K5 Global provides investment advisory services to investment vehicles (the “Funds”) that
are exempt from registration under the Investment Company Act of 1940, as amended (the
“Investment Company Act”) and whose securities are not registered under the Securities Act of
1933, as amended (the “Securities Act”). Certain advisory affiliates of K5 Global serve as
managing members or general partners of the Funds (each a “General Partner” and collectively,
the “General Partners”). Each General Partner is subject to the Advisers Act pursuant to K5
Global’s registration in accordance with SEC guidance. This Brochure also describes the business
practices of the General Partners, which operate as a single advisory business together with K5
Global.
The Funds are structured as closed-end investment vehicles and focus primarily on making
venture capital investments in private companies across multiple sectors. In addition, K5 Global
manages co-investment vehicles that invest alongside the Funds. As used herein, “Funds” refers
to the Funds and any co-investment vehicles formed from time to time, together with subsequently
sponsored funds and their related vehicles and co-investment vehicles formed from time to time,
and any similar pooled investment vehicles formed or managed by K5 Global or its affiliates.

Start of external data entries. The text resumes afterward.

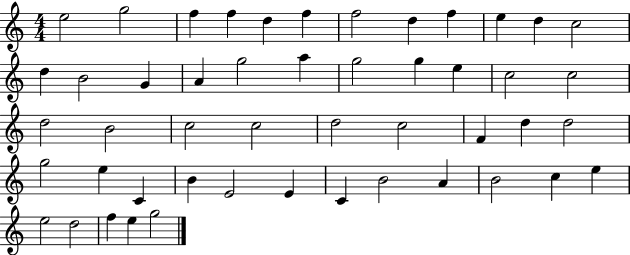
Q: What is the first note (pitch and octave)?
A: E5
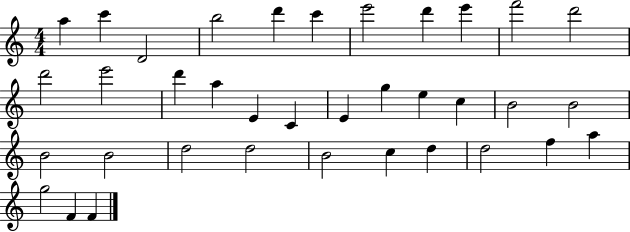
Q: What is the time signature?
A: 4/4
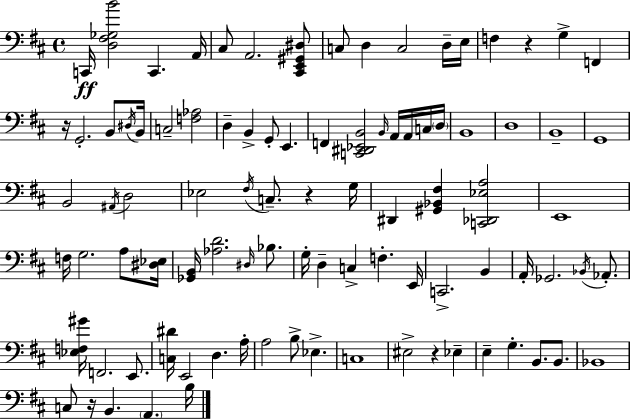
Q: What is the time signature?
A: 4/4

Certain of the Funds are structured as stand-alone investment vehicles, while other Funds
are structured as series of a Delaware series limited liability companies. In addition, certain of the
Funds are pooled investment vehicles having multiple Investors (as defined below), while other
Funds have only one Investor (and in such case will also be referred to as a “Fund” herein).
Furthermore, certain of the Funds hold securities of multiple issuers, while other Funds are “SPV”

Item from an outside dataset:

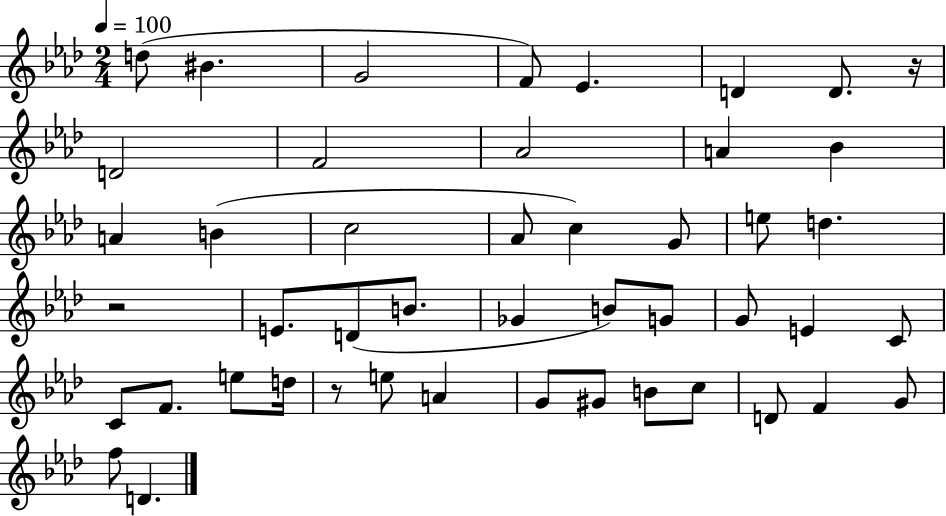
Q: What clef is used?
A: treble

in nature in that they only hold the securities of one issuer or a limited number of issuers. In the
future, K5 Global is permitted to provide investment advisory services to one or more newly
formed Funds or separately managed accounts.

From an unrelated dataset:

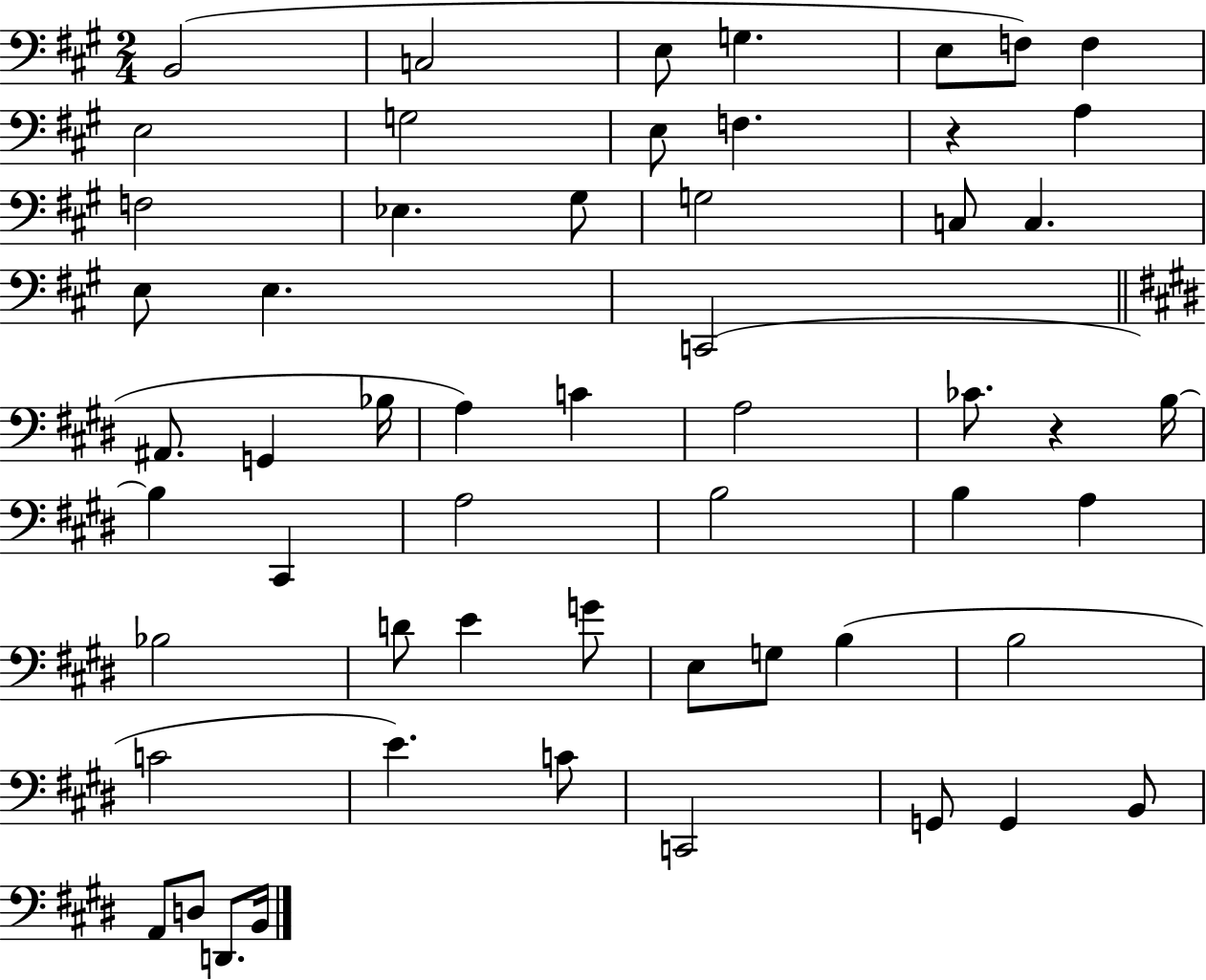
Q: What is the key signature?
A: A major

K5 Global provides discretionary investment advisory services to the Funds in respect of
their investment portfolios, as well as certain ancillary managerial and administrative services,
including, without limitation, (i) identifying, screening, and evaluating investment opportunities,
structuring,
negotiating, and recommending strategies for the management and disposition of
investments; (ii) monitoring the performance of investments; and (iii) disposing of such
investments when deemed appropriate. Investments in Funds are privately offered only to qualified
investors, typically institutional investors (for example, public and private pension funds) and
eligible high-net-worth individuals. The advisory services provided by K5 Global are described in
more detail in the governing documents of each of the Funds.
K5 Global’s advisory services are geared to the management of the Funds, are described
in more detail in the relevant limited partnership agreement or limited liability company
agreement, the private placement memorandum, and/or other analogous organizational documents
of the Fund (collectively the “Offering Documents”) and are further described below in “Methods
of Analysis, Investment Strategies and Risk of Loss.” Investors in the Funds are referred to in this
Brochure as “Investors” or “Limited Partners.” Investors and prospective Investors in each Fund
should refer to the Offering Documents of the applicable Fund for information on the investment
objectives and investment restrictions with respect to such Fund. There is no assurance that any
Fund’s investment objectives will be achieved. Investment restrictions applicable to specific Funds
are customarily imposed in the Offering Documents for such Funds, as agreed upon with Investors.
Investors participate in the overall investment program of the applicable Fund, but in
certain circumstances are excused from a particular investment due to legal, regulatory, or other
agreed-upon circumstances pursuant to the Offering Documents; for the avoidance of doubt, such
arrangements generally do not and will not create an adviser-client relationship between K5 Global
and any Investor. K5 Global has entered (and expects to continue to do so in the future) other
agreements with the Limited Partners which have the effect of establishing additional rights or
altering or supplementing the terms of the investment documents (“Side Letters”). Further, in the
sole discretion of K5 Global, Limited Partners in a Fund can be offered the opportunity to co-invest
in one or more underlying portfolio investments of the Funds managed by K5 Global (such an
event having already occurred in select cases). K5 Global is also permitted to form co-investment
vehicles or other entities to co-invest with certain other Funds in one or more portfolio companies.
K5 Global does not sponsor any wrap fee programs.
As of December 31, 2023, K5 Global managed $4,152,418,492 of client assets on a
discretionary basis and $150,940,083 of client assets on a non-discretionary basis.